Qualche sera fa ho finito finito di leggere "Giochi di società" di Dorothy Parker, autrice di cui avevo letto qualche racconto trovato nelle riviste da ragazzina, oltre alle poesie, lette un po' ovunque.
A esser sincera, di questo libro mi aveva attirato più che altro la copertina con un quadro di Vettriano, poi era subentrato il ricordo di donnine con vestitini e cappellini e la sensazione della lama fredda di un coltello che tagliava l'atmosfera. Così ho acquistato il libro, nonostante non ami le traduzioni dall'inglese, che mi tolgono il gusto di sapere come realmente sia stato scritto.
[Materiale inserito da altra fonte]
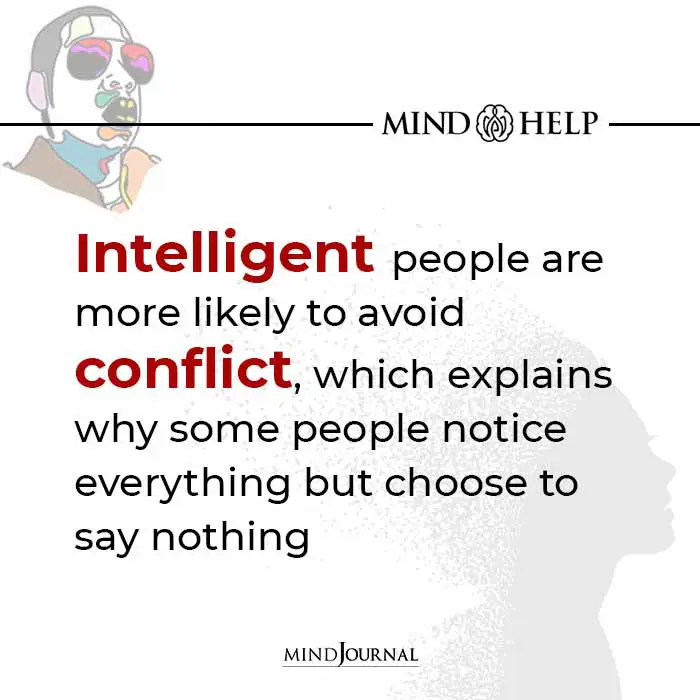 Intelligent People Are More Likely To Avoid Conflict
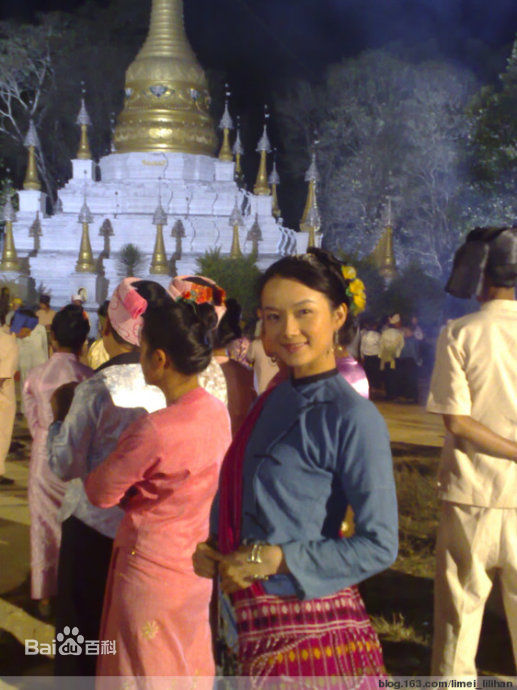 李梅可 主演电视剧 有一个美丽的地方前后照片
Ho ritrovato le donnine, con i loro vestitini e i loro cappellini, e anche i loro mariti, impeccabili negli smoking (o tuxedo o come si voglia chiamarli), specchio di un'epoca che voleva apparire soddisfatta e compiaciuta di se stessa, un'epoca volta a nascondere lo sgretolamento di quello che stava sotto. Ma soprattutto ho trovato la lama del coltello, che, raschiando la patina superiore, mette a nudo proprio quello sgretolamento, con la semplicità di chi lo conosce bene e conosce bene anche l'ironia. Che è ben altra cosa dallo sghignazzare a gola spiegata, con cui viene molto spesso confusa.